6. La conduction peut être entravée par une tension musculaire excessive : s’exercer au ÖN avec l’intention de donner l’impulsion au Dantien et de détendre suffisamment les épaules et les bras pour que le mouvement se prolonge du centre à la périphérie comme un fouet qui claque. Rigidifier ensuite les muscles pour sentir une poussée locale, appliquée par des muscles mono-articulaires ; apprécier la différence.

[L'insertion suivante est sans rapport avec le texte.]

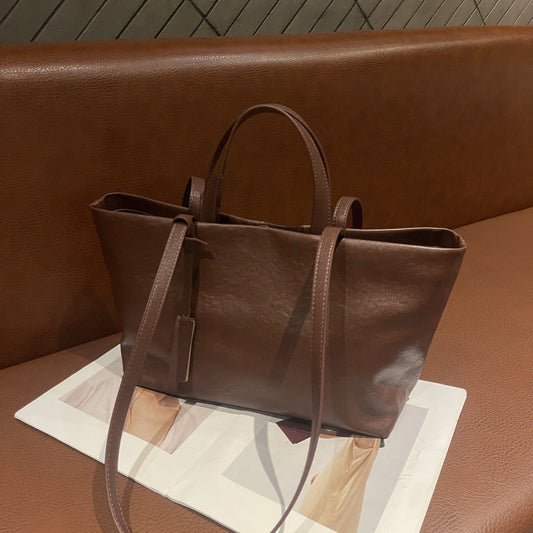 Genuine leather women's underarm crossbody tote bag in vintage soft cowhide with spacious interior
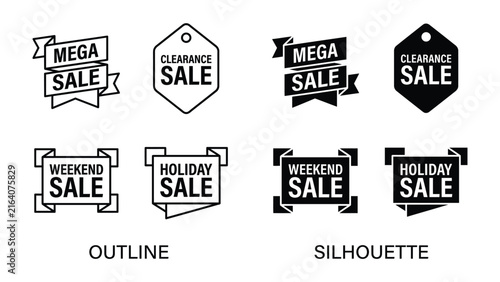 Foto Sale Tag Collection: A compilation of various sale tag designs, including Mega Sale, Clearance Sale, Weekend Sale, and Holiday Sale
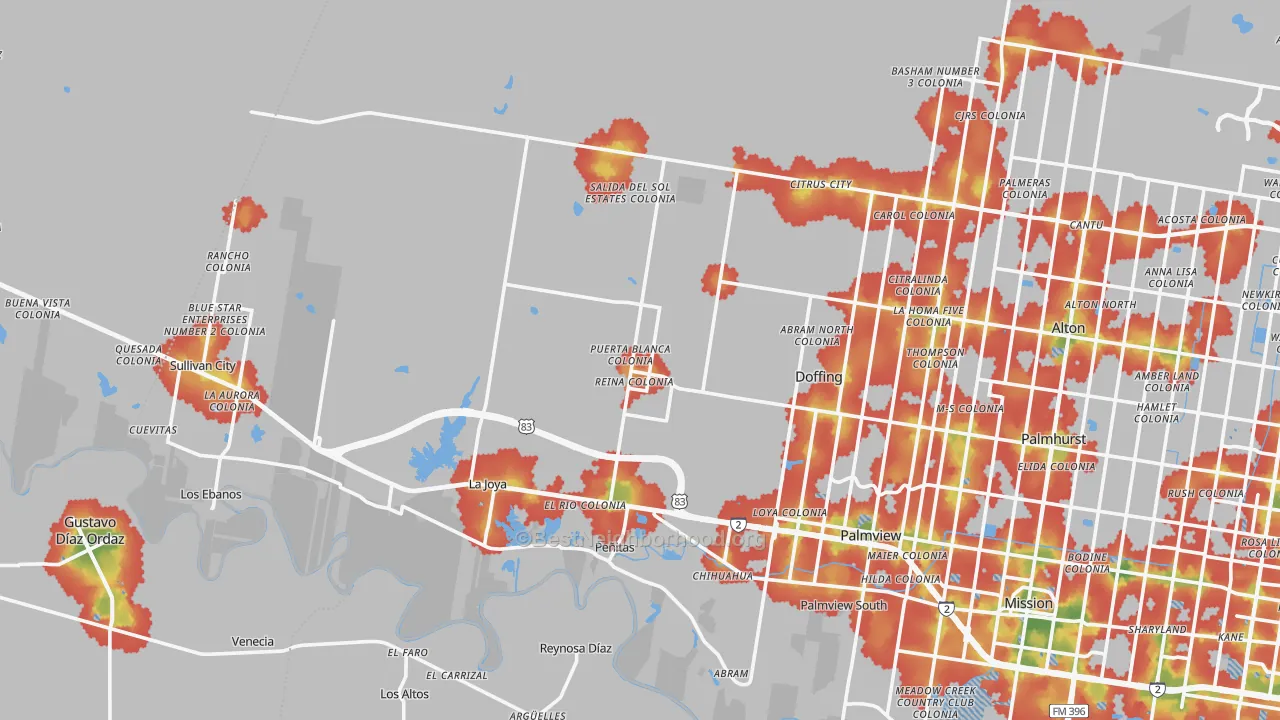 Walk Grade map of Penitas, TX, walkable areas in green and car-dependent areas in red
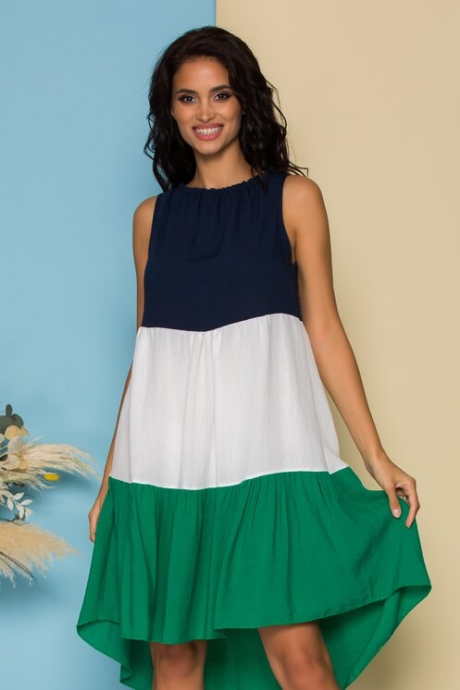 Rochie Anita bleumarin de vara cu volane verde deschis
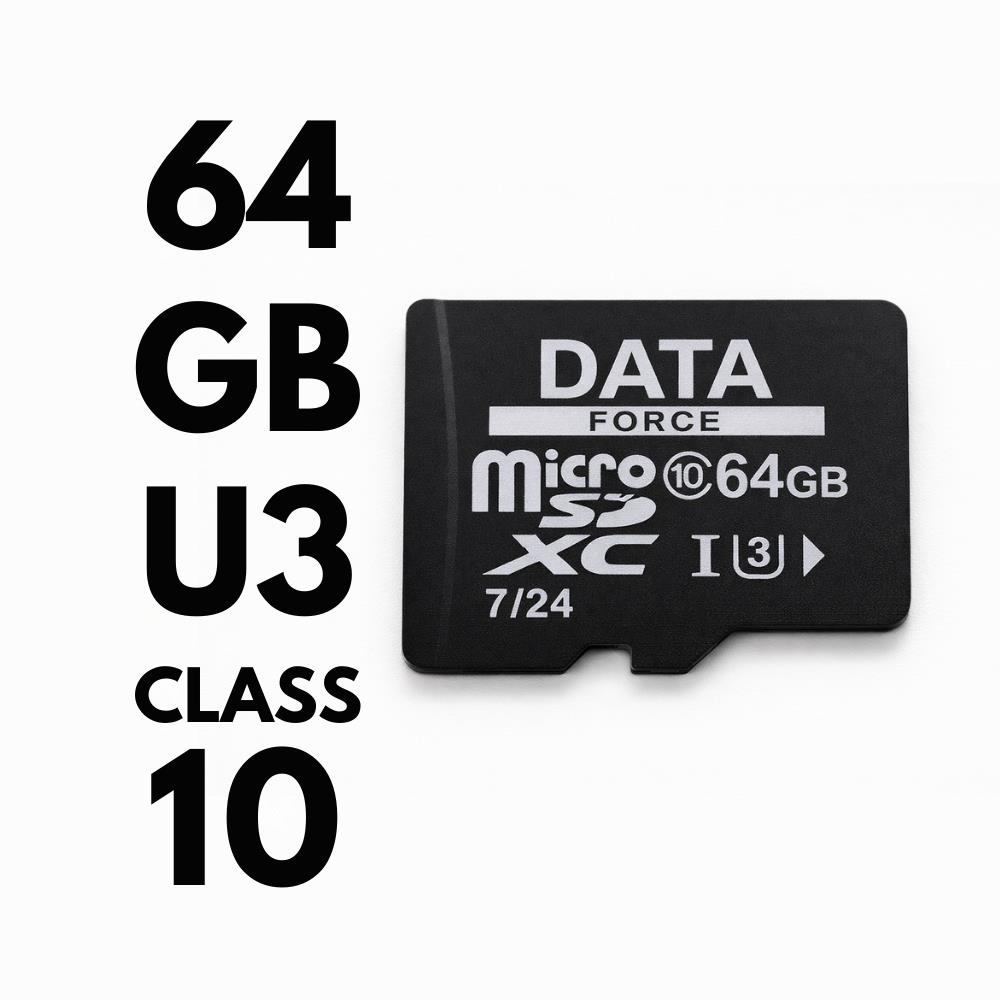 DATAFORCE 64GB U3/CL10 HAFIZA KARTI 7/24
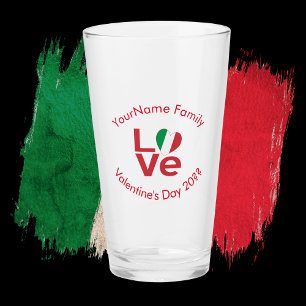 Italienische Flagge Rot LOVE Personalisiertes Trin Glas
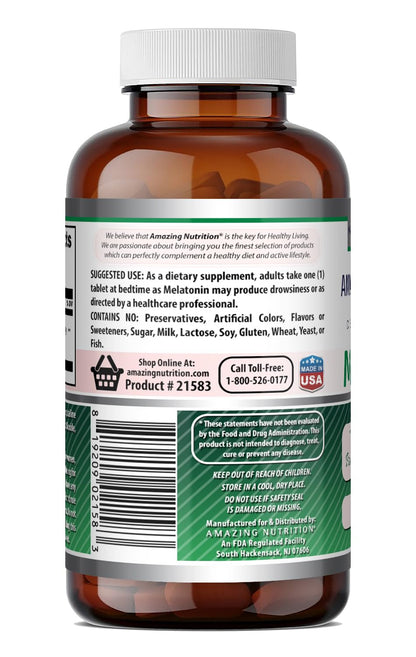 Amazing Formulas Melatonin 10 Mg Supplement | Tablets | Non-GMO | Gluten-Free | Made in USA (1 Pack | 120 Count)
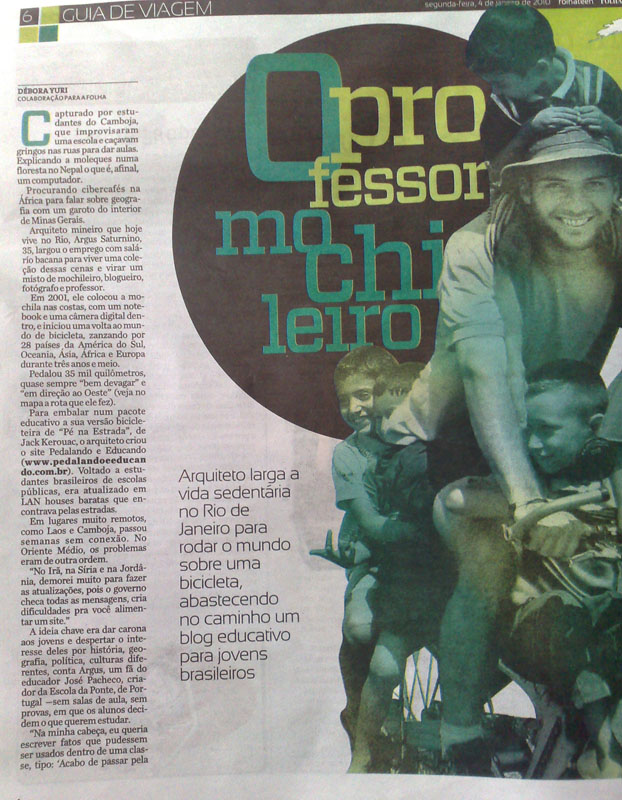 Folha de São Paulo – O professor mochileiro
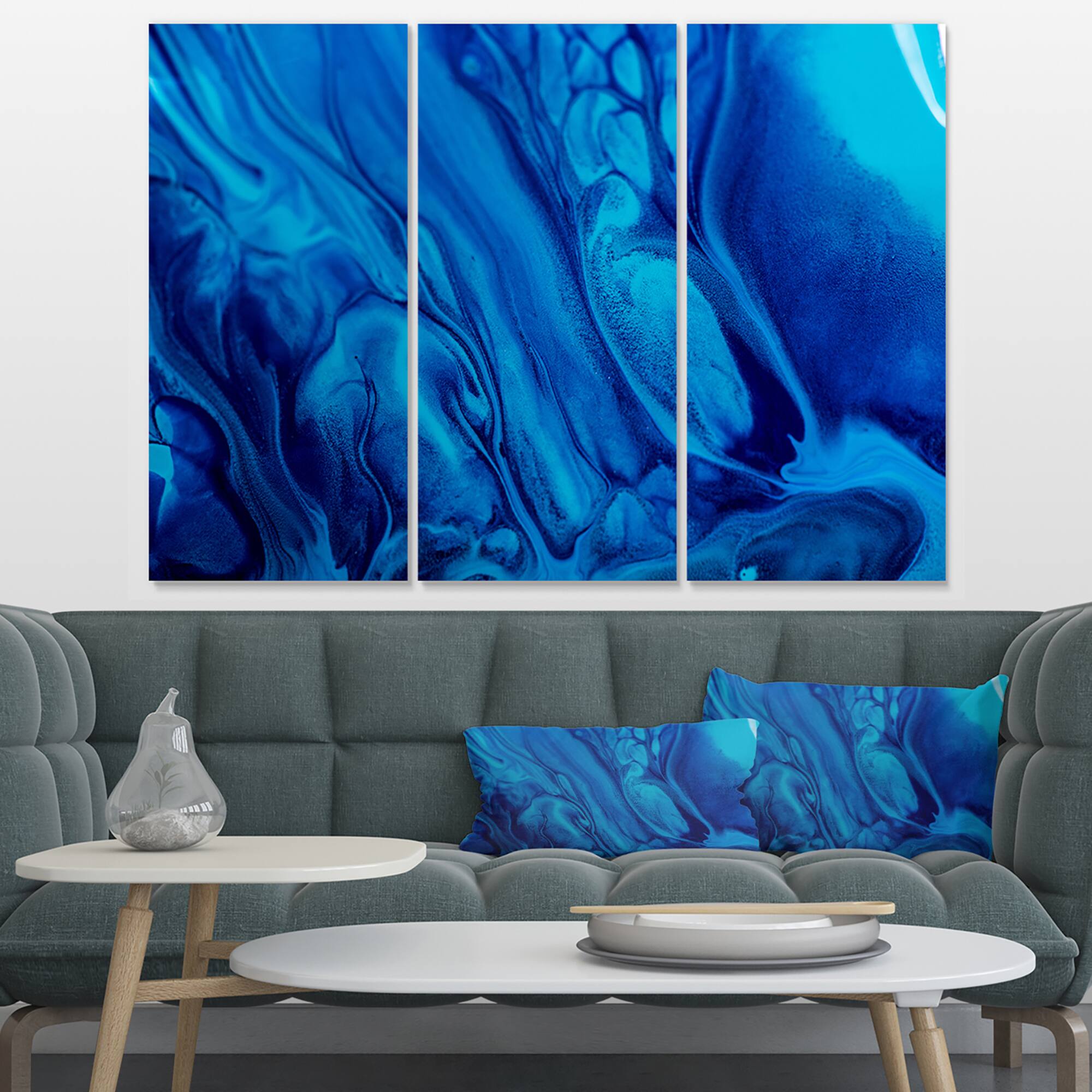 Designart - Dark Blue Abstract Acrylic Paint Mix - Abstract Art on Canvas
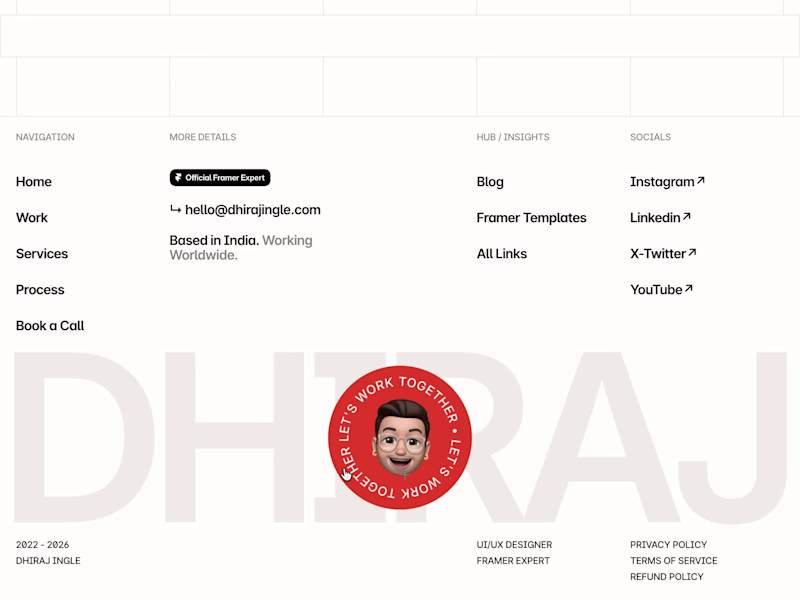 Cover image for Portfolio Footer: Interactive Framer Footer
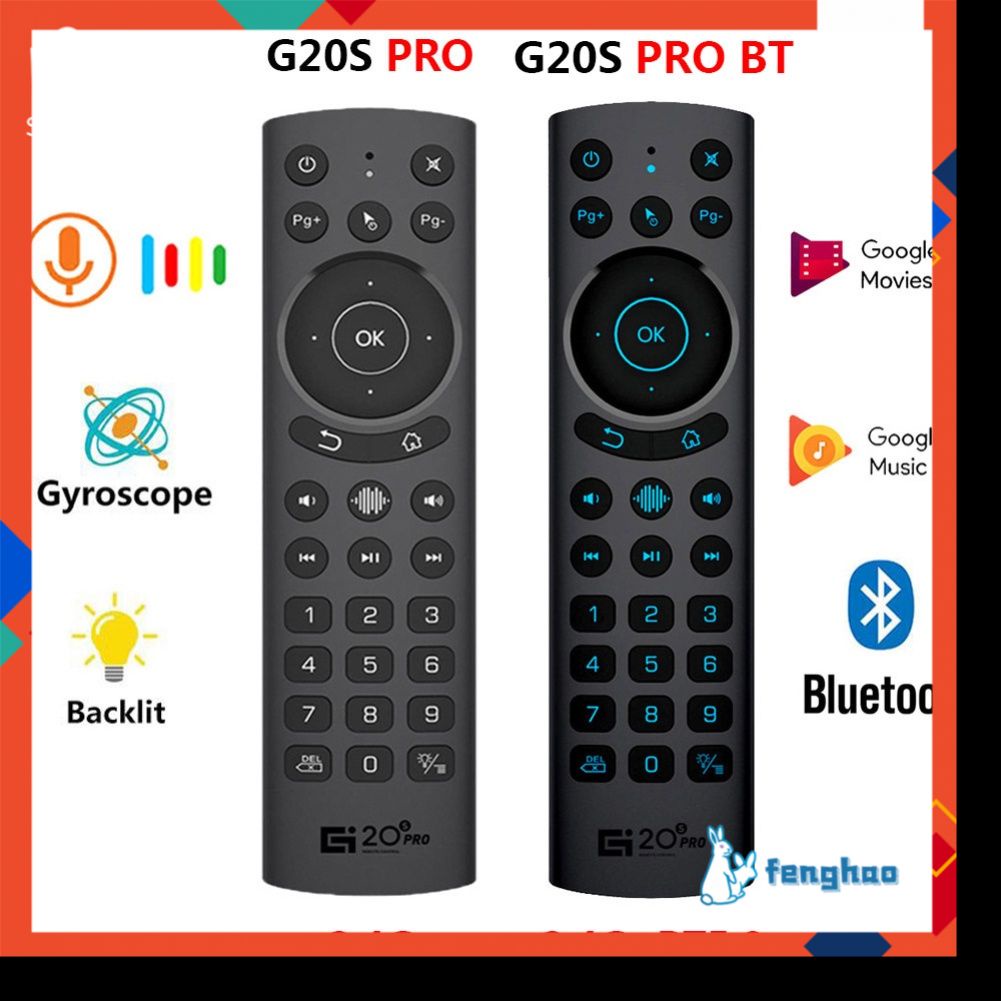 Điều khiển từ xa G20BTS Plus G20S PRO 2.4G Bluetooth 5.0 cho Android TV BOX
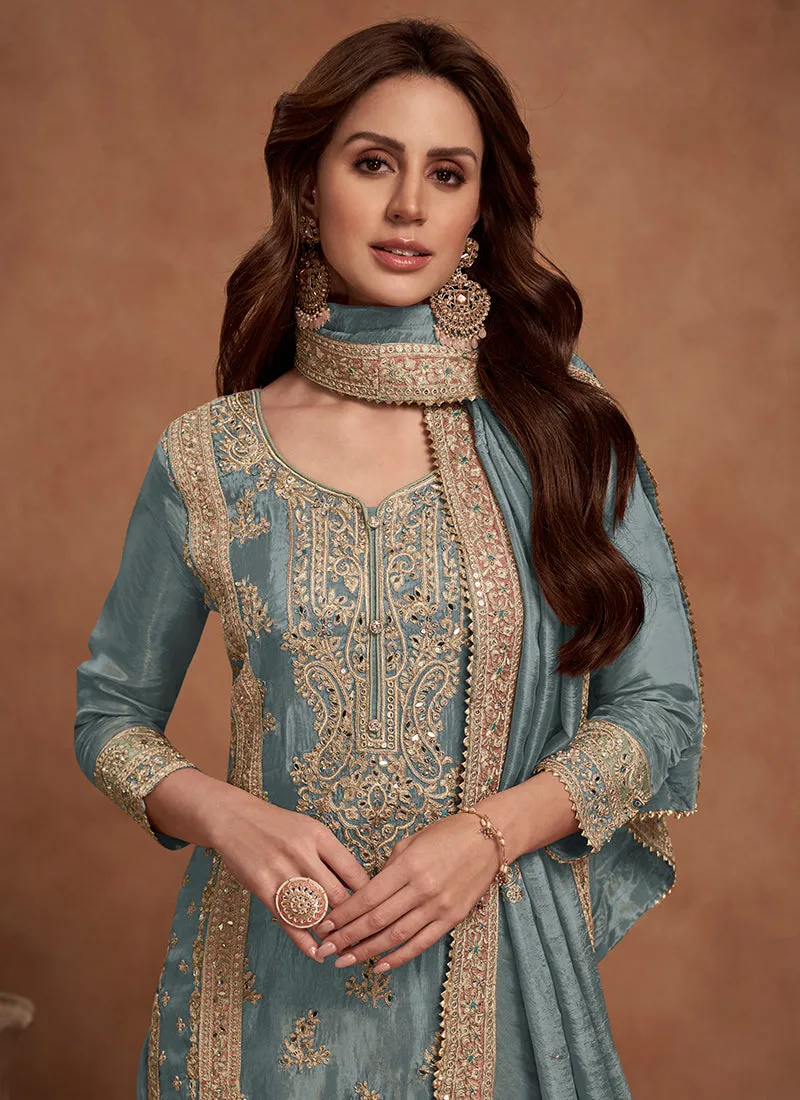 Blue Multi Embroidered Wedding Palazzo Suit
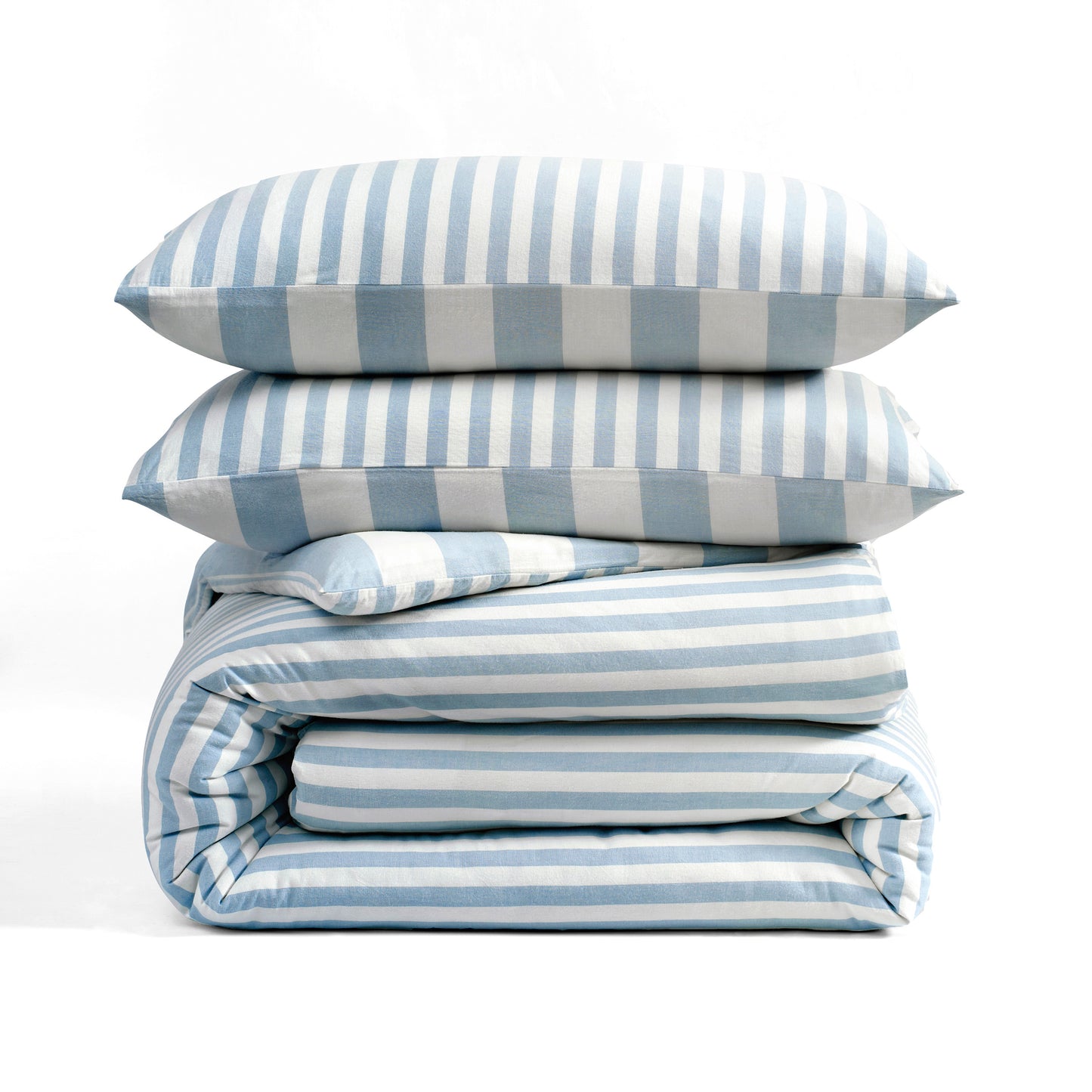 DKNY Reversible Stripe Vintage Washed Cotton Duvet Set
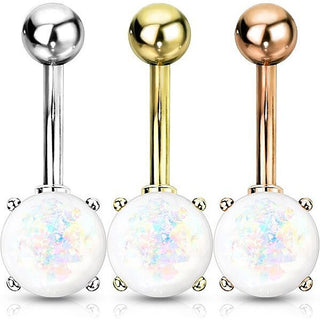 Piercing Ombelico Zircone tondo, 3 pezzi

7. Pratiquer un Yi Kong pour comprendre l’effet des tensions sur les nerfs. Émettre le Qi par la paume des mains dans le dos d’un partenaire, afin qu’il se sente affecté par l’énergie. Le Qi bouge avec le Yi. La conduction du Qi dépend du Yi. La Forme montre tous les aspects d’une conduction impeccable : osseuse, musculaire, nerveuse et intentionnelle en accord avec la forme.
8. Prendre conscience de l’interdépendance de tous les segments du corps : observer l’alternance Yin-Yang des courbures vertébrales, et l’alternance Yin-Yang de la face ventrale du corps et des membres inférieurs. Comprendre que la conduction est également tributaire de la bonne organisation générale du tonus dans les différents segments du corps.

Une autre forme de conduction.

Lorsqu’on regarde un danseur et la perfection de son geste, on peut s’apercevoir que les différentes conductions abordées ci-dessus ne suffisent pas à comprendre l’harmonie parfaite dans la complexité sans faille d’une chorégraphie.
En effet, les nerfs sont parcourus pas des influx bien trop lents pour coordonner des milliards de fibres myotensives, fibreuses, musculaires.

Il existe un autre mode de communication en temps réel qui explique comment cela est possible.

Ce mode de communication, c’est le Qi, vecteur instantané de l’intention.

L’entraînement conscient est le vecteur indispensable à l’intégration des principes de tenségrité et à l’interaction des différentes composantes du geste complexe.

Yi et Qi, Intention et Énergie, c’est comme passer d’une ouverture de porte avec une clé à une ouverture instantanée, à distance, grâce à un bip !

Serait-ce trop extrapoler si je dis que la conduction active dans le corps est de même nature que la capacité de créer des liens conscients entre le Dantien inférieur, le Dantien médian et le Dantien supérieur ?

Je ne puis m’empêcher de penser, analogiquement, aux différentes passerelles de régulation (permettant l’homéostasie générale et l’homéostasie restreinte) entre les trois tissus embryologiques fondamentaux - mésoderme, endoderme, ectoderme -.

En outre, la conduction active permet de découvrir la manière d’utiliser l’énergie en dehors de son corps, de l’envoyer vers un point précis, extérieur à soi-même. Il est ainsi possible d’entrer dans un champ de réalité où nous ne sommes pas séparés de notre environnement, où notre unité corps-âme-esprit est incluse.